As the new phase approaches, ICANN (the Internet Corporation for Assigned Names and Numbers, as the organisation overseeing the initiative) has announced a number of improvements to the way multiple languages are supported within the programme[3]. Key points include:

  • The addition of three additional non-Latin scripts in which applied-for TLDs can be expressed.
  • The support of a greatly increased number of languages within the programme generally (to 380, up from 23 in the first round) - e.g. in areas surrounding technical provisions (such as compatibility with associated portals) and DNS infrastructure.
  • Improvements to the process for assessing string similarity and potential for name 'collisions' (i.e. the same name existing in different namespaces), including the incorporation of visual and phonetic similarity evaluations. The application process will also feature the ability for specifying a 'second-choice' string (which must contain the first-choice version as a sub-string), for cases where the preferred version is deemed unacceptable, in addition to a more transparent process for resolving contentions.

These changes will give greater flexibility for entities operating in the non-English-speaking world, and are another area to consider for organisations assessing their place in the new-gTLD landscape (e.g. those considering an application for their own brand-specific extension). 

How might the implications of these changes manifest themselves as the second phase of the programme comes into fruition? One way of gaining possible insights in this area - e.g. regarding potential use-cases for foreign-language domains - is to consider the current state of the landscape, with an obvious source of relevant 'clean' data being the existing set of internationalised domain names (IDNs)[4] (i.e. those incorporating non-Latin characters). The IDNs specifically are a special subset of the full universe of non-English domain names generally, which do (of course) include large numbers of examples written just in Latin characters. The non-English Latin-character domain landscape already includes many whole gTLDs, such as (Chinese) .xin and .weibo; (French) .moi and .maison; (German) .jetzt, .kaufen, .reise and .versicherung; (Hindi) .desi; (Italian) .casa, .immo and .moda; (Portuguese) .bom; (Spanish) .abogado, .futbol, .gratis, .tienda, .uno and .viajes), all of which (as non-IDNs) do not require any 'special' technical infrastructure. 
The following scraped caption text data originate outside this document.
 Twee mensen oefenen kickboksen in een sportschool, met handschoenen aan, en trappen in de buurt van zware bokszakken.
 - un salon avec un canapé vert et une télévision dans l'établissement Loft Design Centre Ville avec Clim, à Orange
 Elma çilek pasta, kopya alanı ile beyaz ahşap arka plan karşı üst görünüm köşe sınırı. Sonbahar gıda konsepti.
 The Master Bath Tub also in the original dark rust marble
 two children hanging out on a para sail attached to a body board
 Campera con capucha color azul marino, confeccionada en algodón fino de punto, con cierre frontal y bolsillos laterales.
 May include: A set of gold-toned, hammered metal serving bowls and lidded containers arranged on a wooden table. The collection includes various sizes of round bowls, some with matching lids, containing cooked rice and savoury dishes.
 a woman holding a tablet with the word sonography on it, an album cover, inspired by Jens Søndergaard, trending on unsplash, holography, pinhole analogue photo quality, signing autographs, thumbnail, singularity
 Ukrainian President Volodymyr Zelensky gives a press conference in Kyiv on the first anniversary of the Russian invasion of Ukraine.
As of the current time there are, however, around 150 internationalised new-gTLDs (i.e. where the domain-name extension itself is written in (or includes characters written in) a non-Latin script) which have been delegated into the Internet infrastructure[5]. Domain names (or domain-name extensions) of this type are sometimes expressed in an 'encoded' format called Punycode (in which they are converted to a string written wholly in Latin characters, denoted by the characters 'xn--' at the start), which is how they are expressed in zone-file raw data, for example.

Domain name zone files (containing lists of all registered domains across the extension in question, in addition to other technical configuration information) are published by (and are publicly available from) ICANN, for around 80 of these extensions, providing a ready source of data which can easily be analysed to identify trends and patterns in usage. Many of the remainder of the delegated IDN extensions are country-specific examples (e.g. comprising just a country name written in local language, or an abbreviation (analogous to familiar non-IDN ccTLDs such as .co.uk, .fr, .de, etc.)), or are extensions which may no longer be in active use.
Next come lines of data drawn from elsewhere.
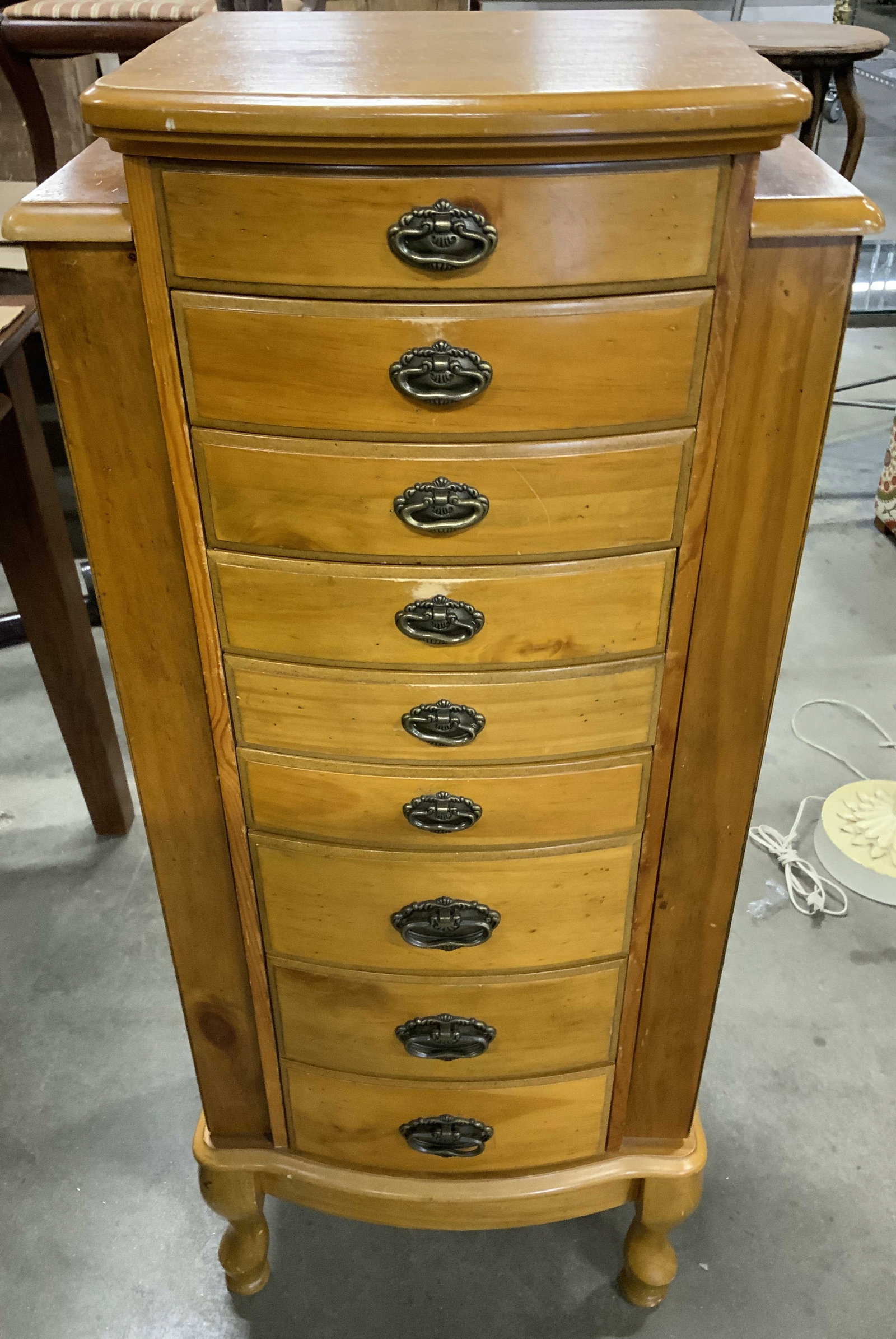 Free Standing 8 Drawer Pine Jewelry Armoire: Free standing jewelry armoire in pine wood with flip top mirror, short cabriole feet, two side cabinets that open for necklaces and eight drawers with black felt se Timons and compartments, closed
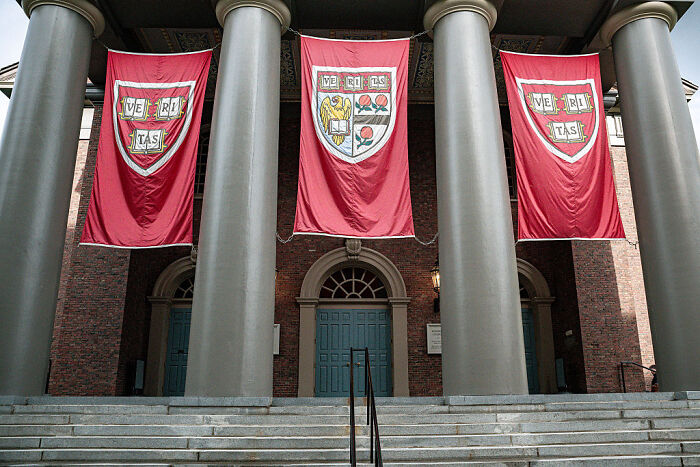 Harvard University building entrance with pillars and red banners, symbolizing student visa freeze and social media scrutiny.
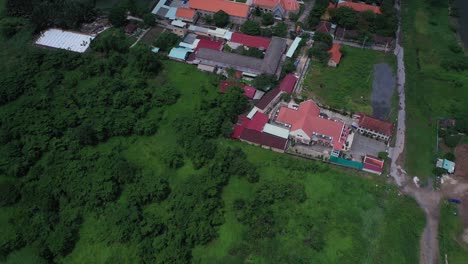 Thủ-Thiêm-Parish-Church-and-the-Lovers-of-the-Holy-Cross-Convent-are-the-oldest-French-Colonial-buildings-in-Ho-Chi-Minh-City,-Vietnam-Aerial-view-flying-over-church,-convent-and-other-buildings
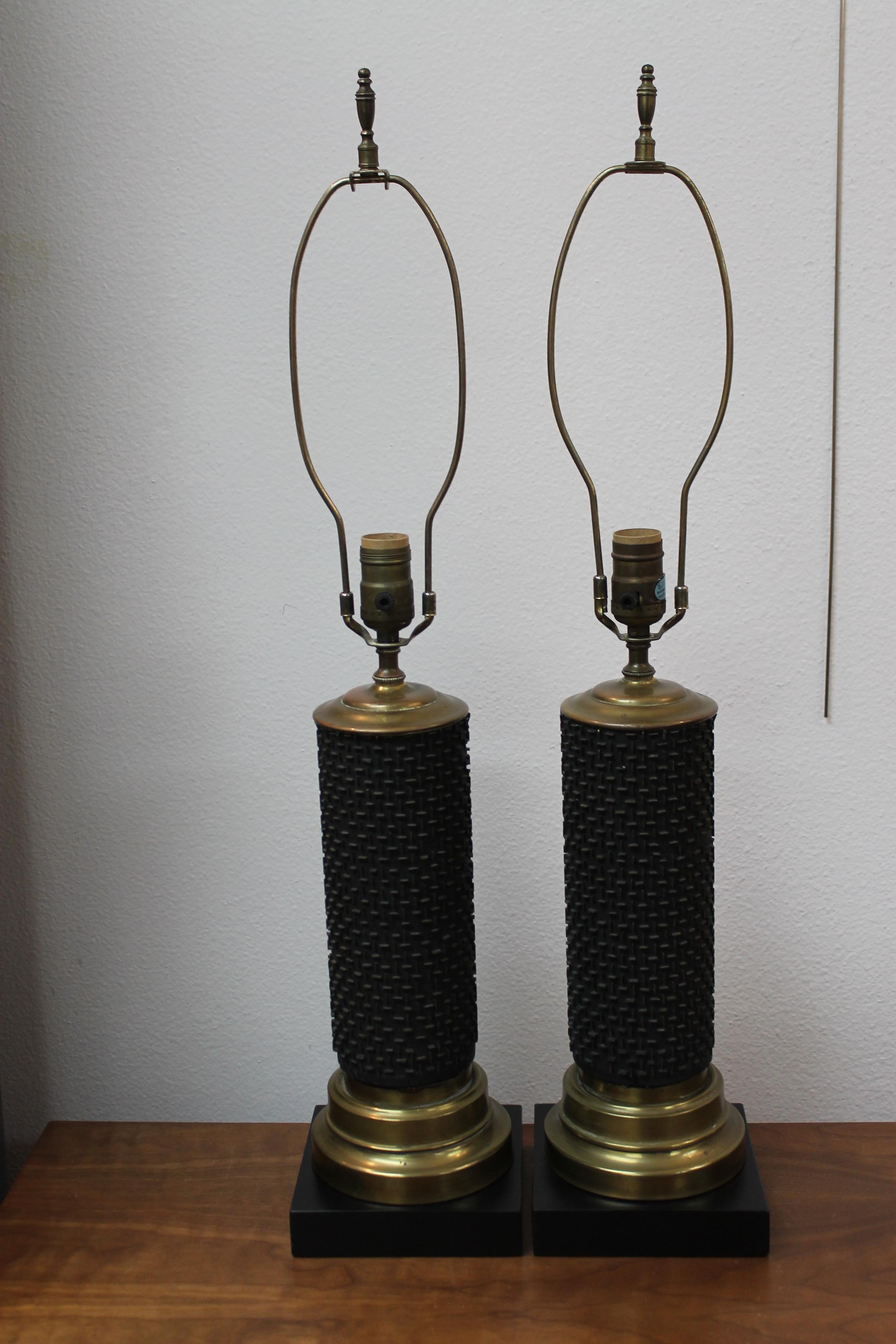 A matched pair of circa 1950s wallpaper print roller lamps, matte black with raised brass bars. Handsome horizontal / vertical pattern. These lamps are 16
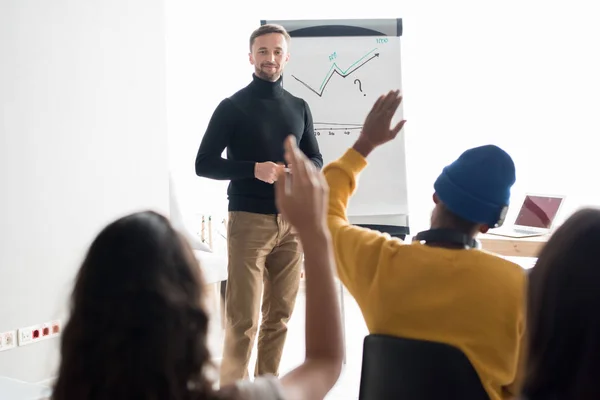 Smiling handsome young bearded speaker in black polo neck standing at whiteboard with graph and answering question of audience in convention center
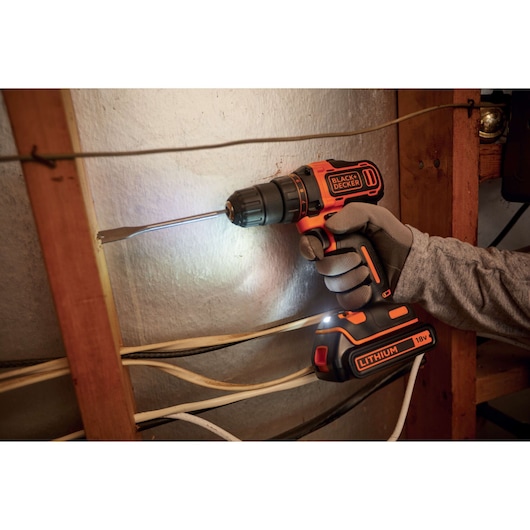 BLACK+DECKER BDCDD186B cordless drill driver in use, drilling wood, visible 18V lithium battery.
For the approximately 80 IDN gTLDs for which zone-file data is available, it is possible to drill into the datasets to gain an overview of the specific domain names registered. Table 1 shows (for example) the most popular of these extensions by total numbers of registered domain names (for all IDN TLDs associated with more than 250 domains). 34 of the 80 extensions feature only five domains or fewer.

Table 1: The most popular IDN gTLDs currently, by numbers of registered domains (additional information mostly provided by Wikipedia[6])
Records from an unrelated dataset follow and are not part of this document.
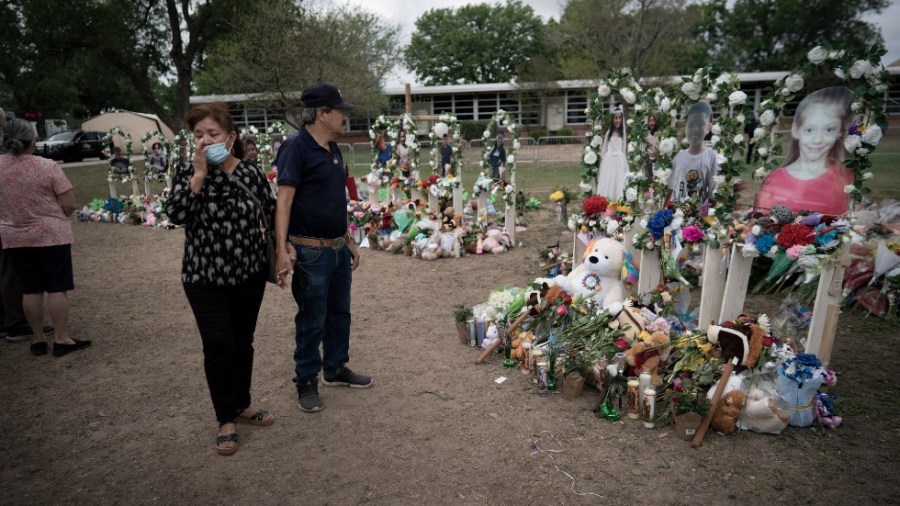 People visit a memorial outside Robb Elementary School in Uvalde, Texas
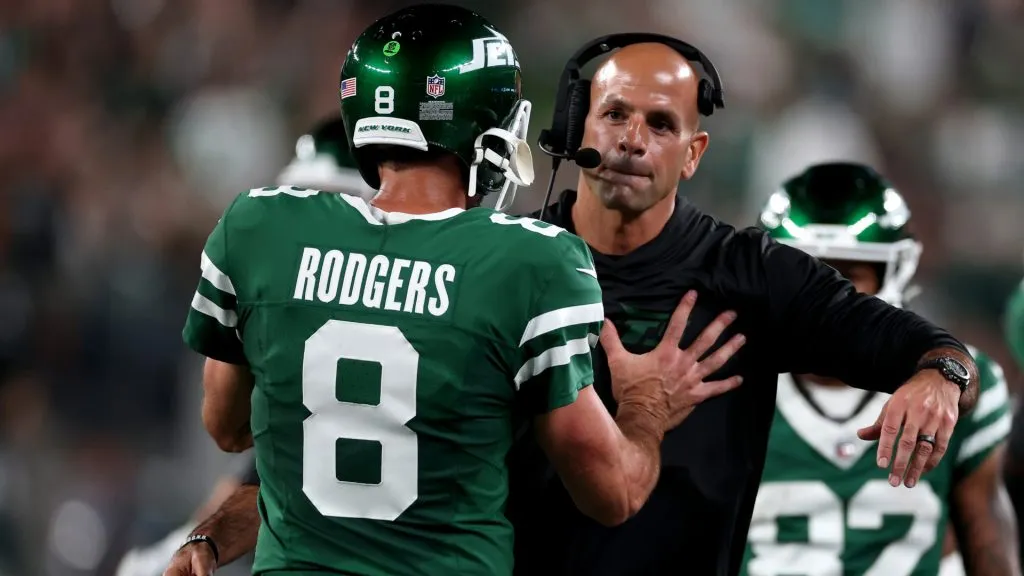 Head coach Robert Saleh of the New York Jets celebrates with Aaron Rodgers after a touchdown against the New England Patriots during the second quarter in the game at MetLife Stadium on September 19, 2024 in East Rutherford, New Jersey. (Photo by Al Bello/Getty Images)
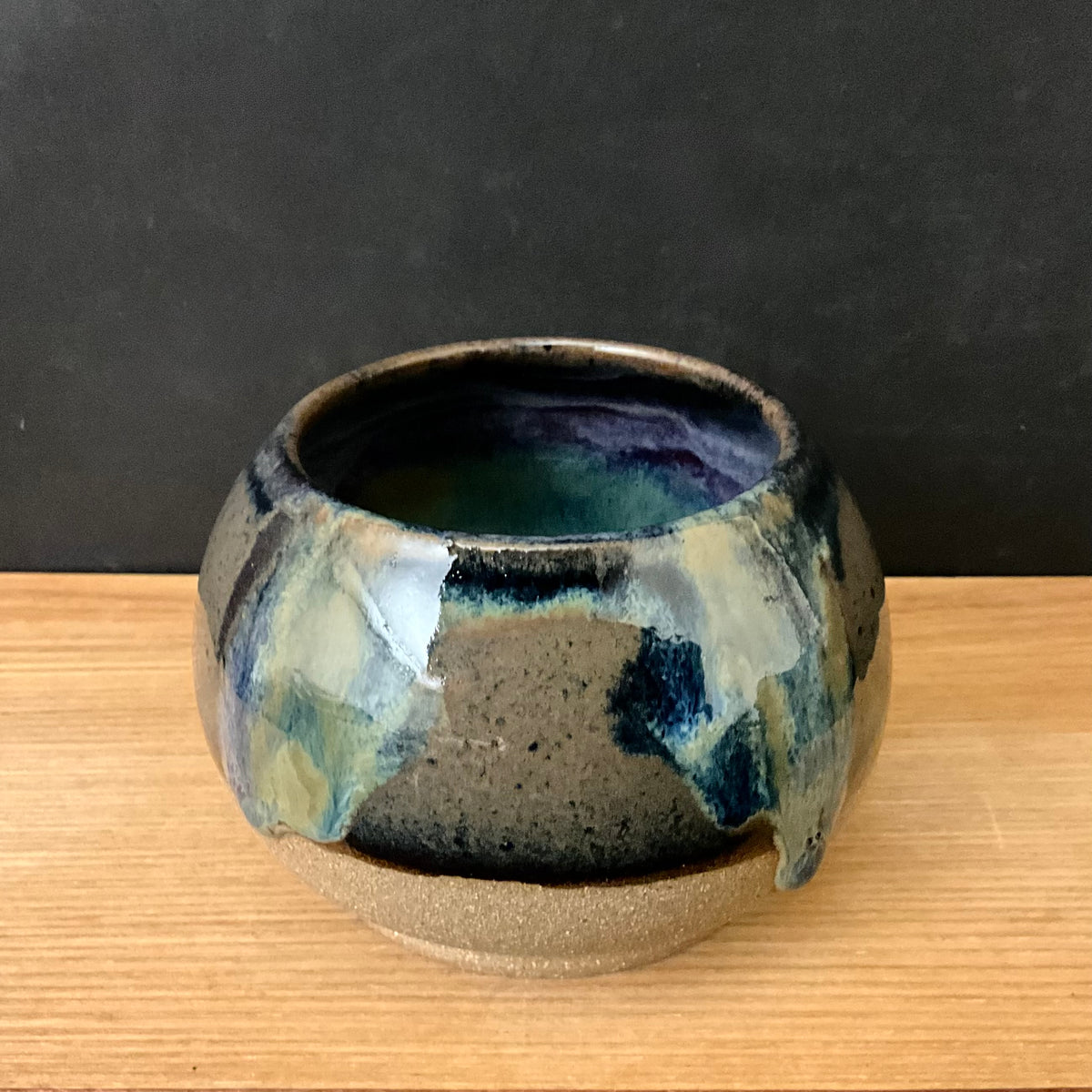 Small Bowl with Blue Drip Glaze on Brown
It is noteworthy that the list of the most popular extensions is dominated by Chinese-language examples, mostly comprising generic terms (but with two brand-specific (China Mobile Communications Corporation, and CITIC Group) and two geographic (Guangdong and Foshan) extensions). 

As an illustrative example, it is informative to consider the list of 31,192 individual domains with the most popular of these extensions (.在线, a Chinese-language extension meaning 'online'). In the vast majority of these cases (29,811, or 95.6% of the total), the second-level domain (SLD) - i.e. the part of the domain name to the left of the dot - is also written in (wholly or partly) non-Latin script (Chinese in most cases), thereby comprising fully internationalized domain names. Of the remainder, 107 of the domain names consist purely of digits as the SLD (i.e. numeric domain names[7], which are often popular in markets such as China, where their use can circumvent language barriers and particular numbers may have specific cultural significance). The remainder of the domains feature a range of different types of (Latin-character) terms in their SLD, including transliterations of Chinese words, a range of generic terms, and numerous brand references (including, presumably, both official and non-legitimate (potentially infringing) examples). 

Overall, therefore, the landscape of IDNs essentially just comprises a microcosm of the domain landscape generally, but offers additional options and flexibility for brands and consumers in markets where the local language includes non-Latin characters. In light of the increased support for a wider range of languages in the forthcoming phase of the new-gTLD programme, brand owners will once again want to consider the opportunities and risks within the ever-expanding online landscape.

References

[1] https://www.iamstobbs.com/opinion/the-new-new-gtlds

[2] https://www.iamstobbs.com/opinion/a-review-of-the-current-state-of-the-new-gtld-programme-dot-brands

[3] https://www.worldtrademarkreview.com/article/hundreds-of-languages-added-help-internationalise-new-gtlds-in-2026

[4] https://www.iamstobbs.com/opinion/idn-tifying-trends-insights-from-the-set-of-non-latin-domain-names

[5] https://data.iana.org/TLD/tlds-alpha-by-domain.txt

[6] https://en.wikipedia.org/wiki/List_of_Internet_top-level_domains

[7] https://www.iamstobbs.com/opinion/the-universe-of-numeric-domain-names

This article was first published on 17 June 2025 at:

https://www.iamstobbs.com/insights/the-new-new-gtlds-a-wider-domain-of-language-support

Thursday, 5 June 2025

An updated view of bad TLDs

A central component of the analysis of results identified through a brand monitoring programme is an assessment of the level of threat associated with each finding. Domain names specifically have a number of associated characteristics which can be used to quantify their potential threat, and much previous work has focused on the frequency of association of these characteristics with malicious content. This type of analysis can serve as a basis for the construction of algorithms to quantify the likely level of potential threat associated with any arbitrary identified website[1]. Threat scoring - as a method for prioritising findings - has a range of uses, including the identification of priority targets for further analysis, content tracking, or enforcement.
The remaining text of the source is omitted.